#### ABOUT THIS EXERCISE:
Reproduce the listing in full, pictures excluded.

#### DATA EXCERPT:
================

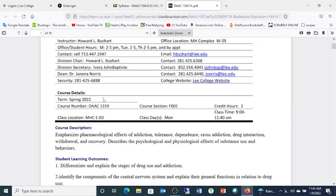The term is spring of 2022. There's a typo — it says 1319 instead of 1304 for some reason — but the section is OL01. I'll have to correct that. Three hours credit, and we'll be meeting online, so some of that information doesn't matter. By the time you see this, I'll probably have it fixed.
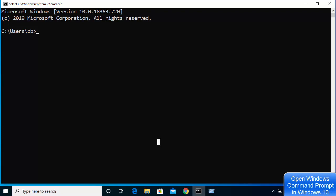So those are a few ways of opening your command prompt as a normal user and as an administrative user. I hope you enjoyed this video and I'll see you in the next one.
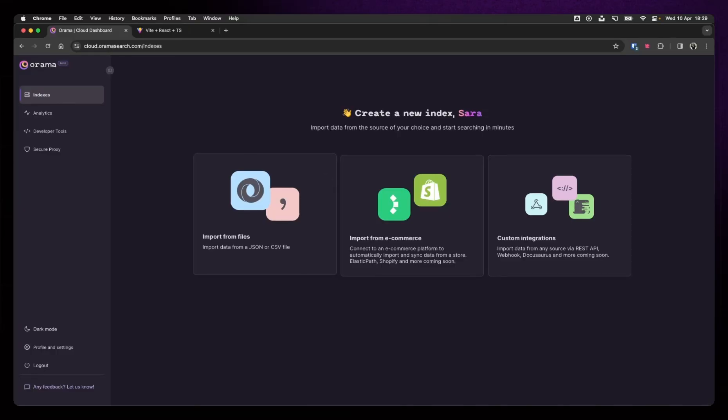Hello everyone, my name is Sarah. I'm a developer advocate here at Orama and I'm going to teach you how to get started with Orama Search.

================

#### EXERCISE SOLUTION:
The term is spring of 2022. There's a typo — it says 1319 instead of 1304 for some reason — but the section is OL01. I'll have to correct that. Three hours credit, and we'll be meeting online, so some of that information doesn't matter. By the time you see this, I'll probably have it fixed.
So those are a few ways of opening your command prompt as a normal user and as an administrative user. I hope you enjoyed this video and I'll see you in the next one.
Hello everyone, my name is Sarah. I'm a developer advocate here at Orama and I'm going to teach you how to get started with Orama Search.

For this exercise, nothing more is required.